But the right solution for college savings doesn't involve finding one perfect solution. Instead, by cobbling together an overall strategy using all the tools at your disposal, you'll likely end up in far better shape than you would if you simply chose a single option and hoped for the best.

I don't think there's a Hallmark card for this one
Yesterday was officially "529 Day," a celebration that various college-savings advocacy groups latched onto on May 29 to raise awareness of one of the more popular methods for saving for college: the 529 plan. Named after the section of the Internal Revenue Code that authorizes them, 529 plans promised to do for college saving what 401(k) plans did for retirement saving: provide a simple way to set aside money for college using a variety of easy-to-understand investment options. A dozen and a half 529 plans offered special incentives, including small scholarships and account application fee waivers.

529 plans give savers a lot of perks. Tax-deferred growth that becomes tax-free when money is used for college expenses can be worth a lot when investments are actually going up in value. But too many account holders have seen their savings go more or less nowhere over the past several years as the market meltdown took away much of their hard-earned savings, leaving them to claw back to break-even over the past three years. That's one reason why Fifth Third Bank (Nasdaq: FITB  ) , Zions Bancorp (Nasdaq: ZION  ) , and other banking peers have started offering insured CDs and savings accounts within 529 plans.
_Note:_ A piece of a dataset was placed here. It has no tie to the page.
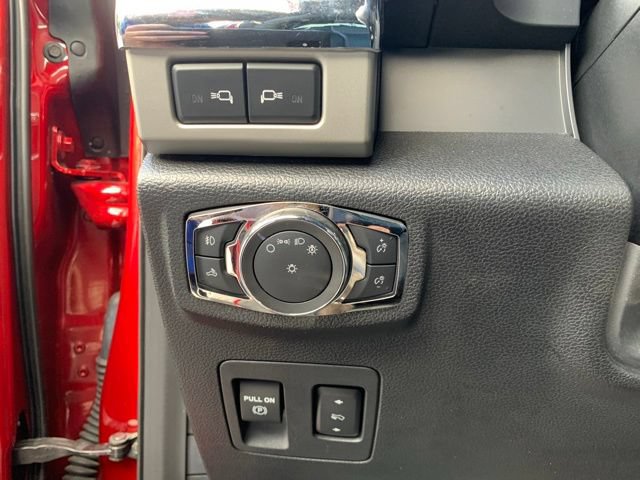 Used 2019 Ford F150 Lariat w/ Equipment Group 502A Luxury RWD image 25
Even in good markets, 529 plans aren't perfect. Some plans have fairly expensive investment options, as money managers AllianceBernstein (NYSE: AB  ) , Franklin Resources (NYSE: BEN  ) , and Hartford Financial (NYSE: HIG  ) include actively managed options that charge much more than index-fund choices that other plans offer. Sometimes, those active funds earn enough extra yield to pay for their higher fees, but often, they fall short.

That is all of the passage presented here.